En ce qui concerne les compétences des universités, je tiens à souligner qu'un plan permet de les accompagner en matière de formation de 1 500 cadres sur trois ans, prévoit de « repyramider » des emplois de catégorie C en emplois de catégorie A ou B, et qu'une dotation accompagnera les universités dans la prise d'expertise extérieure ou dans l'adaptation de leur système d'information.

S'agissant des frais d'inscription, je connais les efforts de votre ministère en la matière : la circulaire du 1er juillet dernier a permis de les maintenir dans la légalité de l'article L. 719-4 du code de l'éducation. En dépit des efforts déployés par vos services, tout n'est pas encore parfait sur l'ensemble du territoire. Je suis sûr, cependant, que le contrôle de légalité exercé par les recteurs sur les décisions des universités sous nouveau statut sera très utile. En tout état de cause, le Parlement est à votre entière disposition pour faire des propositions en ce domaine.

Par ailleurs, le développement de l'autonomie dans l'enseignement supérieur est l'occasion de bâtir des contrats clairs avec les établissements d'enseignement supérieur privés, d'accroître – dans le sillage des propositions du rapport Chartier – les moyens qui leur sont alloués et de faire en sorte qu'ils soient associés, en toute transparence, au service public de l'enseignement supérieur et de recherche.

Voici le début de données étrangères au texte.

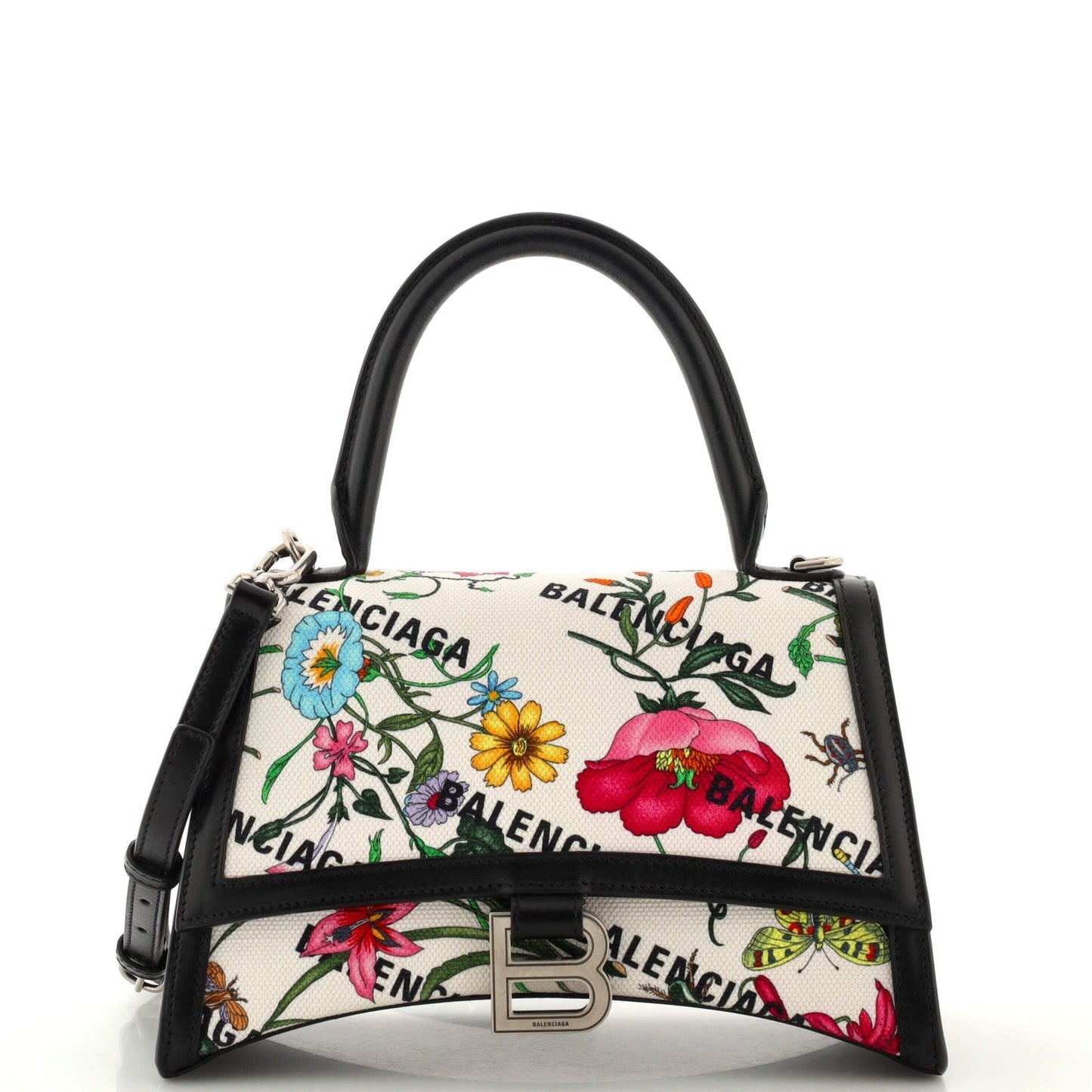 Gucci x Luxury Balenciaga Trending 2025 The Hacker Project Hourglass Top Handle Bag Flora Canvas Small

Comme en 2008, l'effort d'investissement est massif : près de 300 millions d'euros pour la logistique immobilière, 60 millions d'euros de crédits de paiement – sur les 300 évoqués en 2006 lors de l'inventaire des situations d'urgence dans le patrimoine immobilier – pour la mise en sécurité d'urgence. Vous poursuivez l'effort de remise à niveau. Les grands chantiers ne sont pas oubliés, notamment Jussieu, à hauteur de 197 millions d'euros.

Avec l'ouverture des partenariats public-privé et le lancement du plan Campus, se pose la question de la maîtrise d'ouvrage. Celle-ci est partagée : les investissements lourds ou les constructions sont financés par les établissements universitaires à hauteur de 40 % , par l'État, à hauteur de 30 % et par les collectivités locales directement propriétaires ou maîtres d'ouvrage délégués, à hauteur de 30 %.

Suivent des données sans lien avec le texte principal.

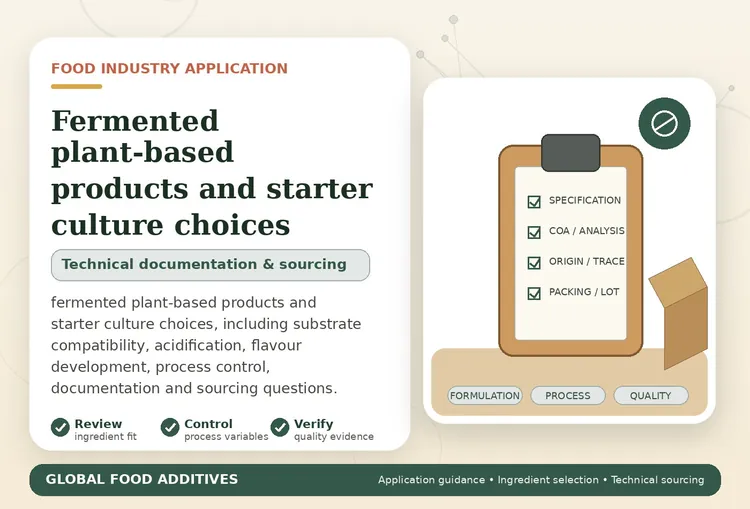 Fermented plant-based products and starter culture choices food industry application illustration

À terme, l'autonomie des universités doit passer par une prise complète de responsabilité des établissements sur leur patrimoine immobilier. Les opérations lourdes – réhabilitation, mise à niveau ou construction – doivent être accompagnées par vos services. La commission des finances estime que le moment est venu d'actionner ce levier.

S'agissant de l'opération Campus, je me permettrai de demander à vos services en 2009 ce qu'il en est du placement de la soulte, qui permet, à hauteur de 160 millions d'euros par an, de garantir pendant vingt-cinq à trente ans un revenu, qui nourrit l'investissement et garantit l'entretien et la mise à niveau du patrimoine immobilier après investissement, ce qui était une lacune de la politique immobilière de l'État dans le domaine de l'enseignement supérieur.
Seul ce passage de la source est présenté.